(Supplied records)
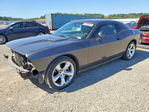 Dodge Challenger 2013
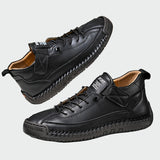 Preto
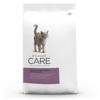 Diamond Care Apoyo Urinario Gatos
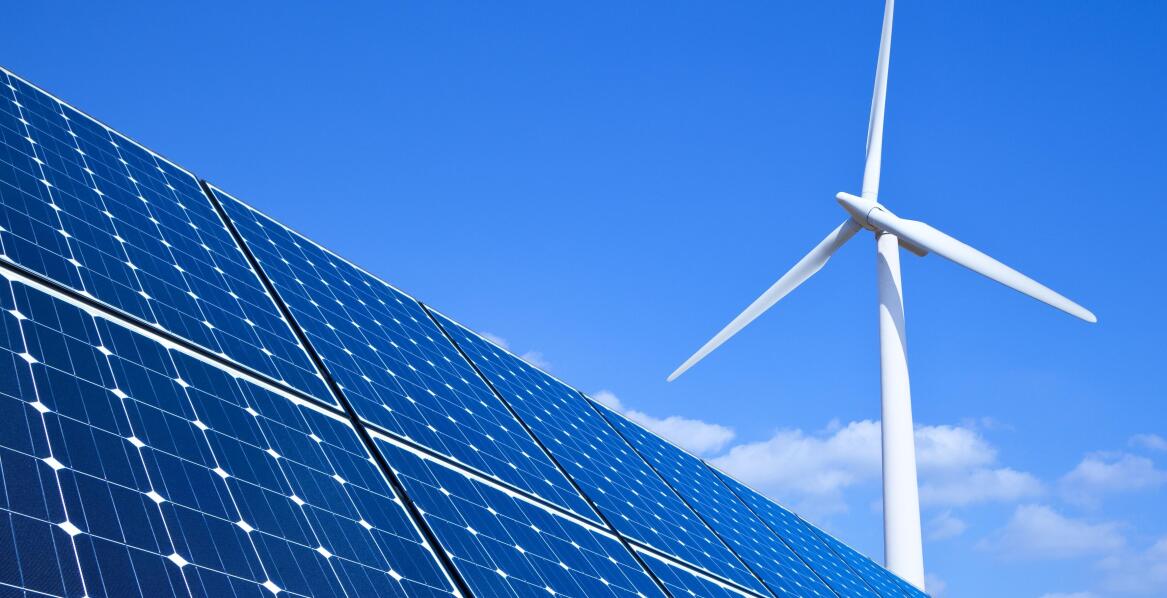 Przydomowy magazyn energii do fotowoltaiki - jakie są korzyści i jak go zainstalować?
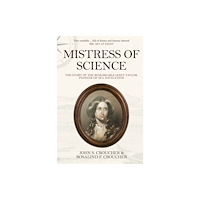 Amberley Publishing Mistress of Science (häftad, eng)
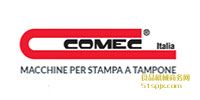 Comec ItaliaӡC(j)/ܷ
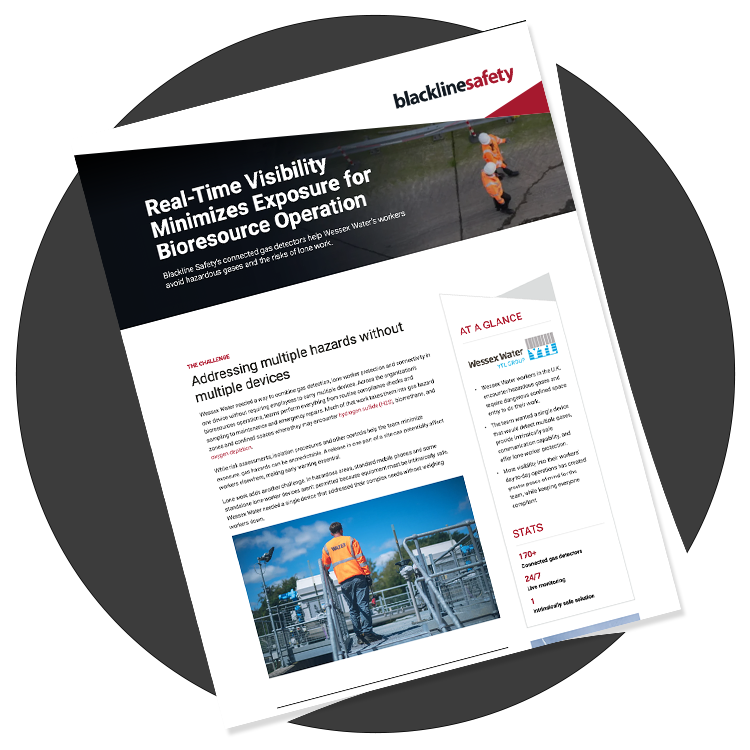 miniatura del white paper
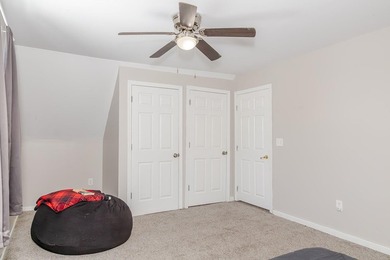This 2-bedroom, 1-bath Cape style home was fully renovated in - photo 30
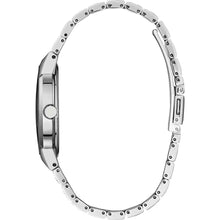 Load image into Gallery viewer, Citizen Axiom Watch - Product Code - BM7580-51L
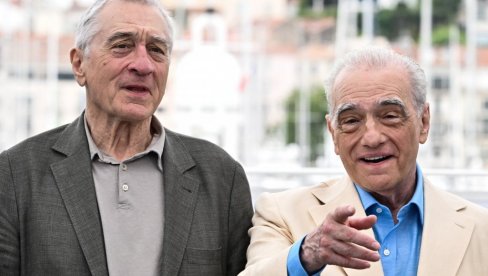 BIO NARKMAN, IMAO 50 KILA Buran život legende Holivuda: Našao sam se u bolnici, bio sam blizu smrti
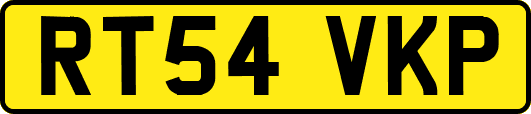 RT54VKP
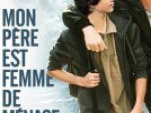 Mon pÃ¨re est femme de mÃ©nage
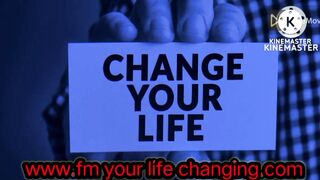 Motivational video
(End Supplied records)
Instructions for the task
The reply should contain all of the data above, word for word, with no pictures.

Solution to the problem
 Dodge Challenger 2013
 Preto
 Diamond Care Apoyo Urinario Gatos
 Przydomowy magazyn energii do fotowoltaiki - jakie są korzyści i jak go zainstalować?
 Amberley Publishing Mistress of Science (häftad, eng)
 Comec ItaliaӡC(j)/ܷ
 miniatura del white paper
This 2-bedroom, 1-bath Cape style home was fully renovated in - photo 30
 Load image into Gallery viewer, Citizen Axiom Watch - Product Code - BM7580-51L
 BIO NARKMAN, IMAO 50 KILA Buran život legende Holivuda: Našao sam se u bolnici, bio sam blizu smrti
 RT54VKP
 Mon pÃ¨re est femme de mÃ©nage
 Motivational video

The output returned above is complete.